Module streaming_reader

Module streaming_reader 

Source
Expand description

Streaming reader for XLSX files with optimized memory usage

This module provides a reader that processes data row-by-row with an iterator interface.

Memory Usage:

  • Shared Strings Table (SST): Loaded fully (~3-5 MB for typical files)
  • Worksheet XML: Loaded fully from ZIP (uncompressed size)
  • Total memory ≈ SST + Uncompressed XML size

Important Notes:

  • XLSX files are compressed.
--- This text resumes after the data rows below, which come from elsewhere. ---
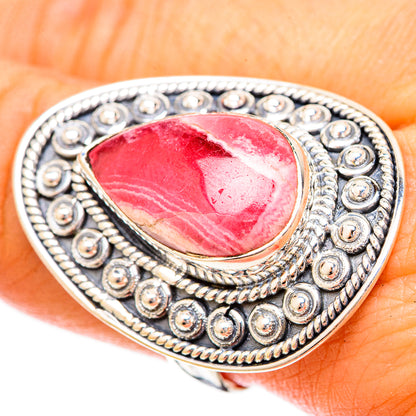 Rhodochrosite teardrop sterling silver ring on finger, ornate bead bezel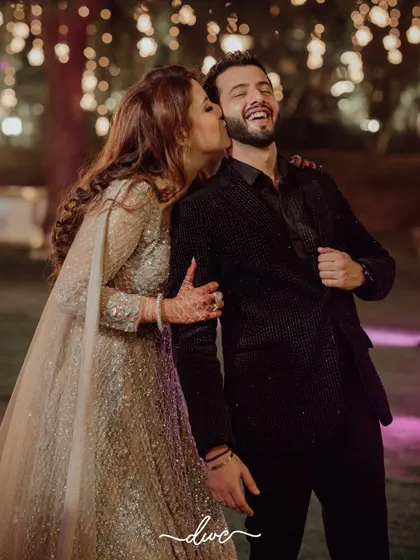 A candid moment of pure joy, as the bride's sister or friend gives the groom a playful kiss on the cheek during a fun-filled event.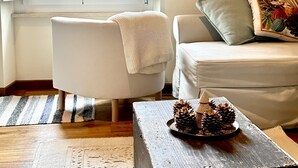 Un salon avec un canapé blanc, une table basse en bois ornée de pommes de pin, un tapis à rayures et un tableau représentant une scène de jardin.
A 86 MB file may contain 1.2 GB uncompressed XML
  • For small-medium files (< 100 MB): Memory usage is reasonable
  • For large files with huge XML: Memory = uncompressed XML size
  • Still faster than calamine (no style parsing) and uses optimized SST

Trade-offs:

  • Only supports simple XLSX files (no complex formatting)
  • Sequential read only (can’t jump to random rows)
  • Best for: Fast iteration, simple data extraction, no formatting needs

Structs§

RowIterator
Iterator over rows in a worksheet Streams XML data from ZIP without loading entire worksheet into memory
RowStructIterator
Iterator wrapper that returns Row structs instead of Vec for backward compatibility with the old calamine-based API
StreamingReader
Streaming reader for XLSX files